Thu | Dec 14, 2017

Rohingya refugees still fleeing Myanmar

Published:Friday | September 15, 2017 | 12:00 AM
A Rohingya Muslim woman Hanida Begum, who crossed over from Myanmar into Bangladesh, kisses her infant son Abdul Masood who died when the boat they were traveling in capsized just before reaching the shore of the Bay of Bengal, in Shah Porir Dwip, Bangladesh yesterday.

COX'S BAZAR (AP):

Nearly three weeks into a mass exodus of Rohingya Muslims fleeing violence in Myanmar, thousands were still flooding across the border yesterday in search of help and safety in teeming refugee settlements in Bangladesh.

The crisis has drawn global condemnation, with United Nations (UN) officials demanding Myanmar halt what they described as a campaign of ethnic cleansing that has driven nearly 400,000 Rohingya to flee Rakhine state.

One of the dozens of boats carrying Rohingya to the Bangladeshi border town of Teknaf capsized yesterday and at least two people drowned, police said. That brought known drownings in the Naf River to 88 since the crisis began.
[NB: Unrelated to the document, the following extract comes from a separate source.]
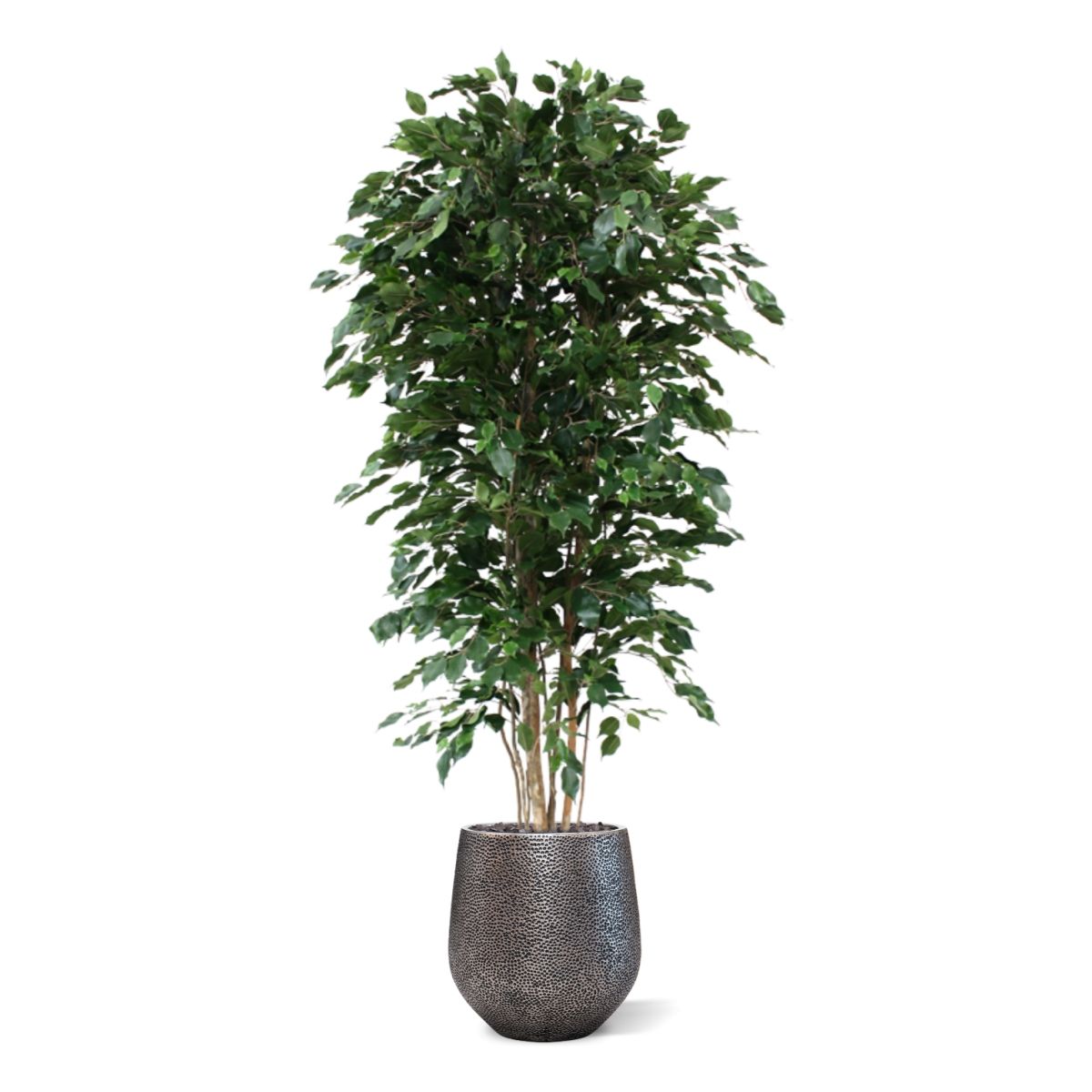 Ficus Exotica deluxe kunstboom 210cm - groen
Those who arrived Wednesday in wooden boats on beaches near Shah Porir Dwip fishing village described ongoing violence in Buddhist-majority Myanmar, where smoke could be seen billowing from a burning village - suggesting more Rohingya homes had been set alight.

 

ATTACKED WITH ROCKET LAUNCHERS

 

One Rohingya man said his village of Rashidong had been attacked six days earlier by Myanmar soldiers and police.

"When military and police surrounded our village and attacked us with rocket launchers to set fire, we got away from our village and fled away to any direction we could manage," Abdul Goffar said.
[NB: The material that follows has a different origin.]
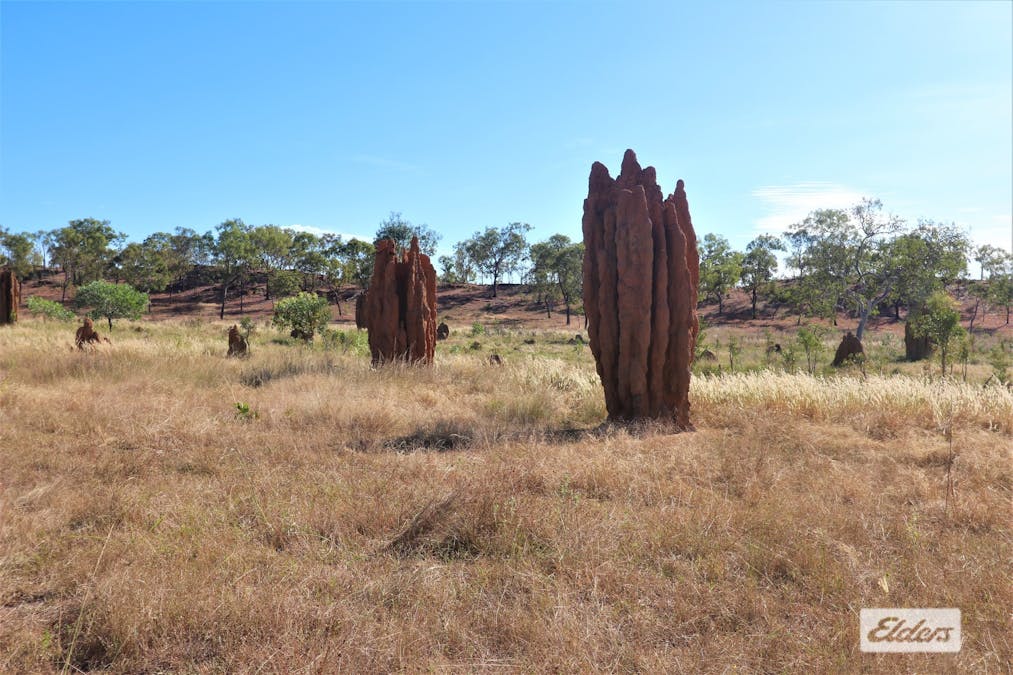 965 Strickland Road, Adelaide River, NT, 0846 - Image 21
Myanmar presidential office spokesman Zaw Htay said that out of 471 'Bengali' villages in three Rakhine townships, 176 were now completely empty while at least 34 more were partially abandoned. Many in Myanmar use that term as part of the long-standing refusal to accept Rohingya as citizens of the country.

Myanmar has accused the Rohingya of burning their own homes and villages - a claim the UN human rights chief criticised as a "complete denial of reality".
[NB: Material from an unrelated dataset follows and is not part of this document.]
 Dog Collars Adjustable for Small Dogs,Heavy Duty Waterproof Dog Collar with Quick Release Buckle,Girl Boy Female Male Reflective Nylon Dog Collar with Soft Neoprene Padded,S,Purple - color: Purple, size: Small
UN spokesman Stephane Dujarric told reporters at UN headquarters yesterday that 10,000 people reportedly crossed the border that in the last 24 hours.

Combined with the Rohingyas who fled during the last round of violence in Rakhine state last October, Dujarric said "it's estimated that some 40 per cent of the total Rohingya population have now fled into Bangladesh."

An estimated 60 per cent of the Rohingyas arriving in Bangladesh are children, Dujarric said.